Dataset excerpts: Begin
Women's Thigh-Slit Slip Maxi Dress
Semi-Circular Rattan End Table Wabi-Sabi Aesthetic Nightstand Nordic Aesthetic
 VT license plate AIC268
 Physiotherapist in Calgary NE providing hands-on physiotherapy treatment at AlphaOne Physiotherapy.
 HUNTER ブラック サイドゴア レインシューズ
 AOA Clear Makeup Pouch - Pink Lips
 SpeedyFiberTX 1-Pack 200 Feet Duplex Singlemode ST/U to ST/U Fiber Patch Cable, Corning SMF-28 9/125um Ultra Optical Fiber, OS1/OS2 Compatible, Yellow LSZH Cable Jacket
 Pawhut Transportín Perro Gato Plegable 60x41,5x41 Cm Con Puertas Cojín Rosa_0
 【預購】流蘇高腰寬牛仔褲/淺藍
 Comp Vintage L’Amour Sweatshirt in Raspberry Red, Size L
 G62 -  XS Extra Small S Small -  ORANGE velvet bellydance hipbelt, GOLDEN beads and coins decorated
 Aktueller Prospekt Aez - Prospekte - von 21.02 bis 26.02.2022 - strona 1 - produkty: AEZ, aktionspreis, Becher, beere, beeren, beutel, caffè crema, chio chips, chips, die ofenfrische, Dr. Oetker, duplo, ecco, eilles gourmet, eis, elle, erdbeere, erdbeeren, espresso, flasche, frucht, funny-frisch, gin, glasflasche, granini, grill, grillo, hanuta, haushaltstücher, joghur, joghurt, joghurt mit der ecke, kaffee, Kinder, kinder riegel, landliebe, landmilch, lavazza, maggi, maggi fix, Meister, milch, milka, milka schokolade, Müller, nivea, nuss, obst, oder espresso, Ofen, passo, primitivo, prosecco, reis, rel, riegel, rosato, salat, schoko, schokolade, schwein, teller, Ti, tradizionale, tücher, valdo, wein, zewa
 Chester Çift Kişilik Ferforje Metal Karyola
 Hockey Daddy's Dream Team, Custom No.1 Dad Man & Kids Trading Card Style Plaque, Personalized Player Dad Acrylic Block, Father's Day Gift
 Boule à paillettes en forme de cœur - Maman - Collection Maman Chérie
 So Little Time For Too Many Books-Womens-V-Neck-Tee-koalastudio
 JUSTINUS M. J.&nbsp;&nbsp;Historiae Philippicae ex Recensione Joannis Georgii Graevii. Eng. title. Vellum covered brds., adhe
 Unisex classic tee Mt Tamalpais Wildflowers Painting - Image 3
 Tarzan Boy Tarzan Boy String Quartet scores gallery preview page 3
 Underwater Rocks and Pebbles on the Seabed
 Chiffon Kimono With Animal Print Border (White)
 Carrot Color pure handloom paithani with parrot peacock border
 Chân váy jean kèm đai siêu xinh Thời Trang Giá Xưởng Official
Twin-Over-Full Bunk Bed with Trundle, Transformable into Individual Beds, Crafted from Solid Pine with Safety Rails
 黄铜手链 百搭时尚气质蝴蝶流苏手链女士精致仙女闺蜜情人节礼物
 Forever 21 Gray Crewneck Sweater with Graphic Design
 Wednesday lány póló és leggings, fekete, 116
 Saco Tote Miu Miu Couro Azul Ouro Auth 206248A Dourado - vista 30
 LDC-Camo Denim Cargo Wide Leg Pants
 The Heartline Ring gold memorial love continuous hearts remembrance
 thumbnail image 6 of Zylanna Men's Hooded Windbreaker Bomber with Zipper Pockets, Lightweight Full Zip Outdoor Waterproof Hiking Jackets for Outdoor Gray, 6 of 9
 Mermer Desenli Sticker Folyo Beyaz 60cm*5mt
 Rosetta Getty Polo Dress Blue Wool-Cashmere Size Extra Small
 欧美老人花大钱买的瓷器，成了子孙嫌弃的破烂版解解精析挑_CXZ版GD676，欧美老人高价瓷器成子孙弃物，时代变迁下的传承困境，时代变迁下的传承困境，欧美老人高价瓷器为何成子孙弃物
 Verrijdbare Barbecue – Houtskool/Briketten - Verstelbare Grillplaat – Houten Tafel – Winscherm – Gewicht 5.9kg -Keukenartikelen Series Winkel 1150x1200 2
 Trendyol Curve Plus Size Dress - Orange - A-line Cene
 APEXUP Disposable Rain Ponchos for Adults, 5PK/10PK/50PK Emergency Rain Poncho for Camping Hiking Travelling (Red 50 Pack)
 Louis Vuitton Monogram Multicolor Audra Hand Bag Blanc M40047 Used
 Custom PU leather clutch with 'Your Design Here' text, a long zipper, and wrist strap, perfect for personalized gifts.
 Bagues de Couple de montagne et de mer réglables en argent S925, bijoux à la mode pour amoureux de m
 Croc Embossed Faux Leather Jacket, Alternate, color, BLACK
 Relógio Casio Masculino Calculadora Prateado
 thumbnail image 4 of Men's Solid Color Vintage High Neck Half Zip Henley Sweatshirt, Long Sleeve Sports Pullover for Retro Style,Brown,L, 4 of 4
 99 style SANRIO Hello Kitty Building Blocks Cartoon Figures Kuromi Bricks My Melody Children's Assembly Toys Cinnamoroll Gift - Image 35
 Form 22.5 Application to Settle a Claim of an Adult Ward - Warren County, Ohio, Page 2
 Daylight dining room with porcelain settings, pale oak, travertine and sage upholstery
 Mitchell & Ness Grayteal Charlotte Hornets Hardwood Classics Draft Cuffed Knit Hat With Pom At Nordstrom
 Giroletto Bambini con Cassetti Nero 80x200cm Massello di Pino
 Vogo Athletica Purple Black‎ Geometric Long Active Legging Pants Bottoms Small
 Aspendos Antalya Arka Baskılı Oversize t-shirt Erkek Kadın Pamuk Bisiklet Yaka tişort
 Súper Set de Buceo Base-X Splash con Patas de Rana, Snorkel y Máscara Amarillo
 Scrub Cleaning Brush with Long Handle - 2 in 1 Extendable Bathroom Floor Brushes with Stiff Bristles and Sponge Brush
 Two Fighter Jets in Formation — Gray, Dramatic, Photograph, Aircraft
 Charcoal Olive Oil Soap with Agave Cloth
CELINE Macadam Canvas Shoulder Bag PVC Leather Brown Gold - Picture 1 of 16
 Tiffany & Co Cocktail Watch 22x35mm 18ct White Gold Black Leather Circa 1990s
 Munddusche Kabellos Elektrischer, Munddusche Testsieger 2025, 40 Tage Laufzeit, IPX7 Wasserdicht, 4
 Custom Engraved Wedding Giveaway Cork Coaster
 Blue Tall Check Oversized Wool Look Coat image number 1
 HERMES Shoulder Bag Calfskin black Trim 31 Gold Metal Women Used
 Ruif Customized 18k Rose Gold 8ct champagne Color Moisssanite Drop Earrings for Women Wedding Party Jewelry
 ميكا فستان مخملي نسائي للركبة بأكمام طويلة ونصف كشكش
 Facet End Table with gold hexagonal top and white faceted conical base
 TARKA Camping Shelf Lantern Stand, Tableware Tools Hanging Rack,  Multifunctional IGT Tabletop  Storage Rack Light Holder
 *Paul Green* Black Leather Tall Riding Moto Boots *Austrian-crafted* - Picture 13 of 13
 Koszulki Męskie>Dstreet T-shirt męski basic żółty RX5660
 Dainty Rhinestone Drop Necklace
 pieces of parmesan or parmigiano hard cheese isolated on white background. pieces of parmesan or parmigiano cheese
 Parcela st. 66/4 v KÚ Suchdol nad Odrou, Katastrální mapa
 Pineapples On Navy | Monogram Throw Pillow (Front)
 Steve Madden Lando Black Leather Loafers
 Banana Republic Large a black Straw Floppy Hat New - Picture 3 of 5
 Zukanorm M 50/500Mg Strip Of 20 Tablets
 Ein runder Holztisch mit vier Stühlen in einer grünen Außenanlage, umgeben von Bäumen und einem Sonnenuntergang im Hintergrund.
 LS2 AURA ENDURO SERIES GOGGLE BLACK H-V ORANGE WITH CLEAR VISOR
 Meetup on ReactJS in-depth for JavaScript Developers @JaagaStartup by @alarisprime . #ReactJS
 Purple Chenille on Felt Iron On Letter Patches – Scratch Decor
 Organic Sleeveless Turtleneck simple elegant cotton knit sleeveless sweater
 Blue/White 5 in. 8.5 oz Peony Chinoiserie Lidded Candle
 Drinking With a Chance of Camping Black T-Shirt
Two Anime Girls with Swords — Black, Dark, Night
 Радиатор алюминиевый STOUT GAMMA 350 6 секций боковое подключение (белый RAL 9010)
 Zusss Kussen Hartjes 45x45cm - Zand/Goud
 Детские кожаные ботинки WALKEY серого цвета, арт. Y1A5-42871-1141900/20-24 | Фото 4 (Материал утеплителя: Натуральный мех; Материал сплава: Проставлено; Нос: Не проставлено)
Dataset excerpts: End
■ Required work ■
Among the lines above, repeat exactly those from the line with "Semi-Circular Rattan End" to the line with "and coins decorated", counting both ends.

■ Solution for this exercise ■
Semi-Circular Rattan End Table Wabi-Sabi Aesthetic Nightstand Nordic Aesthetic
 VT license plate AIC268
 Physiotherapist in Calgary NE providing hands-on physiotherapy treatment at AlphaOne Physiotherapy.
 HUNTER ブラック サイドゴア レインシューズ
 AOA Clear Makeup Pouch - Pink Lips
 SpeedyFiberTX 1-Pack 200 Feet Duplex Singlemode ST/U to ST/U Fiber Patch Cable, Corning SMF-28 9/125um Ultra Optical Fiber, OS1/OS2 Compatible, Yellow LSZH Cable Jacket
 Pawhut Transportín Perro Gato Plegable 60x41,5x41 Cm Con Puertas Cojín Rosa_0
 【預購】流蘇高腰寬牛仔褲/淺藍
 Comp Vintage L’Amour Sweatshirt in Raspberry Red, Size L
 G62 -  XS Extra Small S Small -  ORANGE velvet bellydance hipbelt, GOLDEN beads and coins decorated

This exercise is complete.